Here are some things to think about regarding this poem:
- This poem is preceded by a prose argument, a summary of the major points in a work of prose or poetry—“The poet wishes well to the divine genius of Purcell and praises him that, whereas other musicians have given utterance to the moods of man’s mind, he has, beyond that, uttered in notes the very make and species of man as created both in him and in all men generally.” How does this clarify the purpose of his poem?
- Hopkins often uses neologisms or “coined” words-words he makes up because the ordinary vocabulary fails to express his meaning adequately. Can you find some coined words in this poem? Why might Hopkins have felt the need for coined words in this poem in particular?
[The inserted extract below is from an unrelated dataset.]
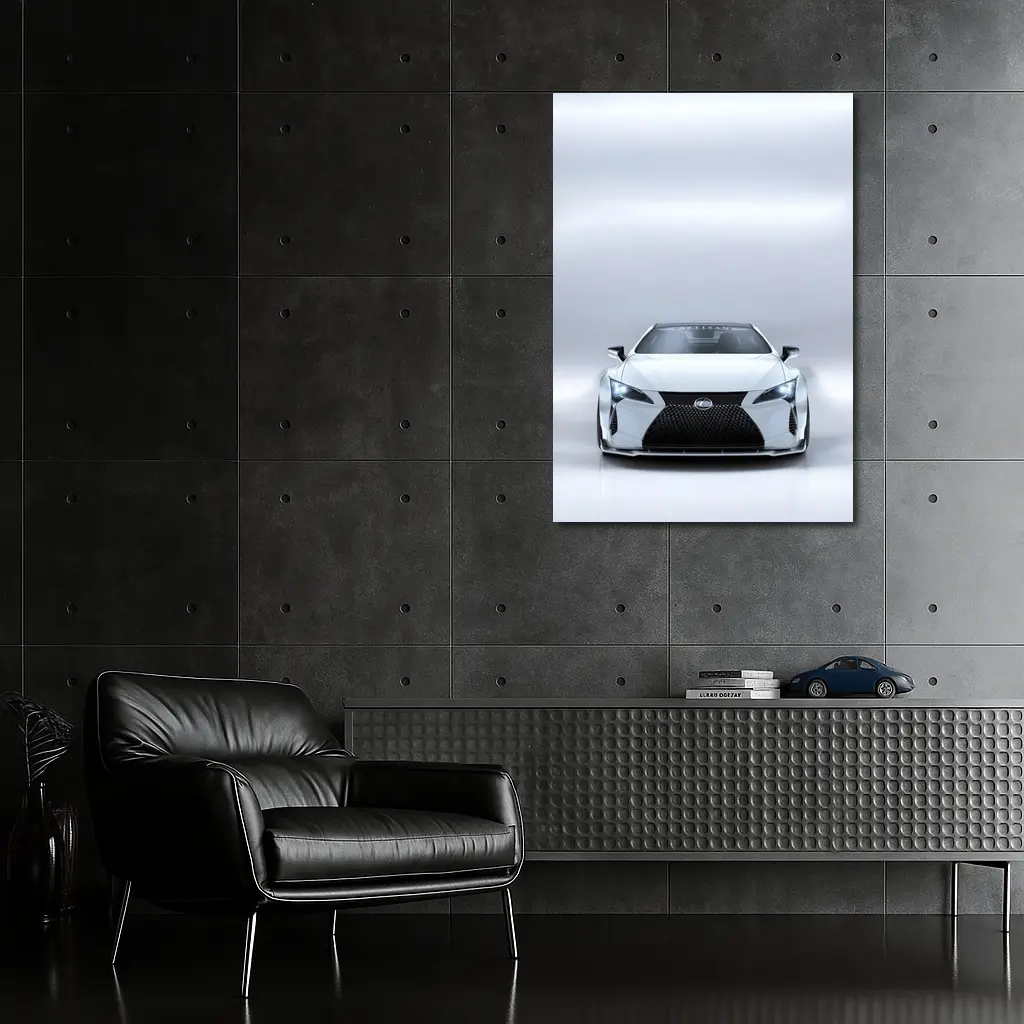 Lexus LC White Studio Front View – Wall Art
- Hopkins also uses epithets, an adjective or descriptive phrase which expresses a characteristic of the person or thing mentioned, in this poem. Often these adjectives are hyphenated. For example, see line 12: “The thunder-purple seabeach plumèd purple-of-thunder.” Why do you think Hopkins uses epithets in this poem, and what might he gain by using them?
- In this poem Hopkins is working out some of his ideas about inscape, the “this-ness” of a thing, the distinctive design that gives individual identity to a thing, a scene, a bird, a person. How is this idea of inscape expressed in this poem about Henry Purcell? To what does he compare Purcell in order to confirm his uniqueness?